How to know if you’re in default
Starting this summer, the Department of Education will notify defaulted borrowers that administrative wage garnishment is set to begin. That means up to 15% of a borrower’s disposable income could be taken directly from their paycheck to repay loans. Disposable income is calculated based on a formula created by the Department of Education that uses federal poverty levels.
“Borrowers should check their loan status at studentaid.gov to see if they’re in default,” Helgeson advised.
What happens if you’re in default
If you’re in default, don’t ignore it.
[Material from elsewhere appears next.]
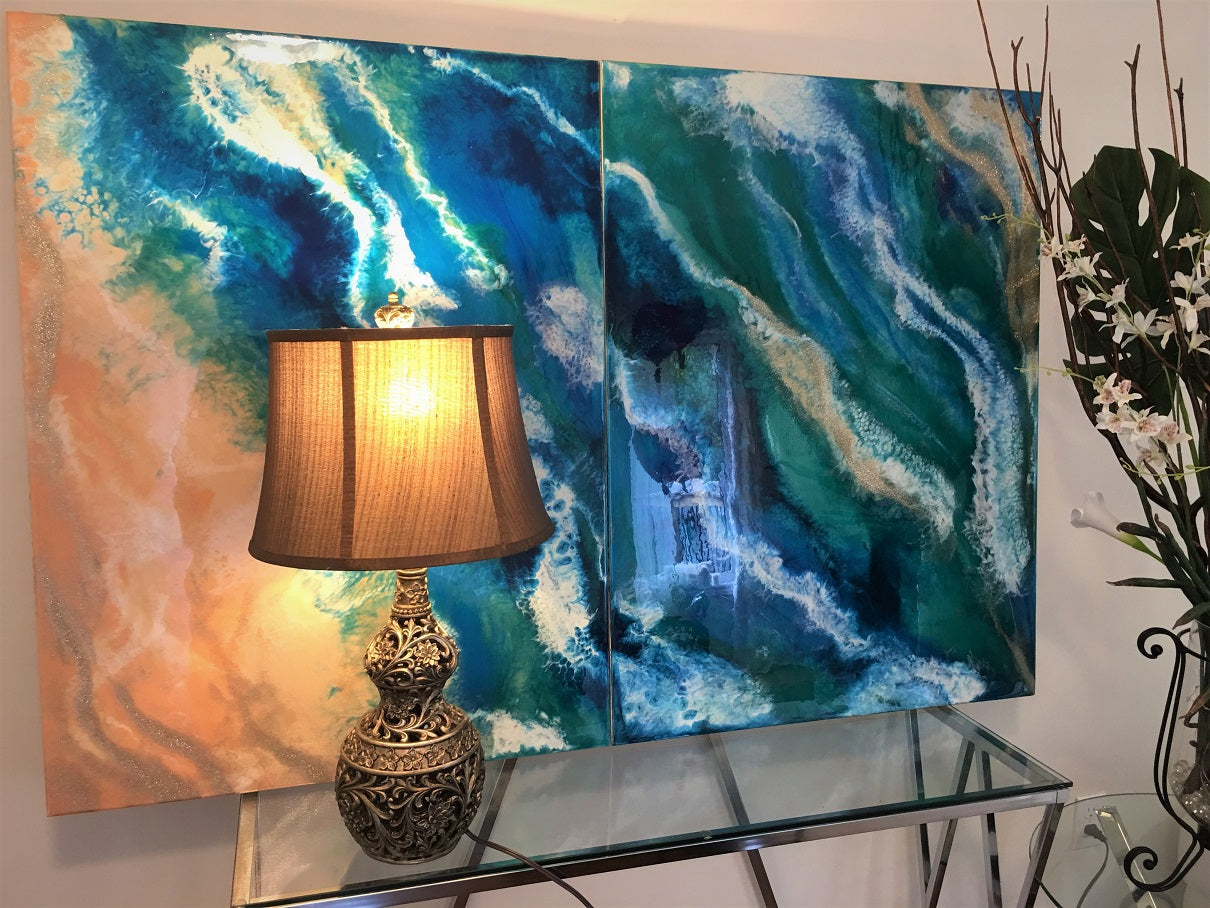 Resin Elegance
Within the next couple of weeks, the Federal Student Aid office will send emails with info on how to contact the Default Resolution Group. They can help you figure out next steps, including options for getting out of default and setting up a repayment plan.
“We encourage borrowers to reach out proactively,” Nguyen said. “There are options available to help them get back on track.”
Repayment options
There are a few ways to manage your loans:
- Make regular monthly payments
- Enroll in an income-driven repayment plan
- Enter loan rehabilitation, which helps bring your loan back into good standing
The FSA office is planning a big outreach effort — e.g., emails and social media — to make sure borrowers are informed. It’s also rolling out an “enhanced” income-driven repayment process to make signing up easier.
“The enhanced IDR process aims to simplify enrollment, making it easier for borrowers to manage their payments,” Helgeson explained.
Check your loan status and explore repayment options at studentaid.gov.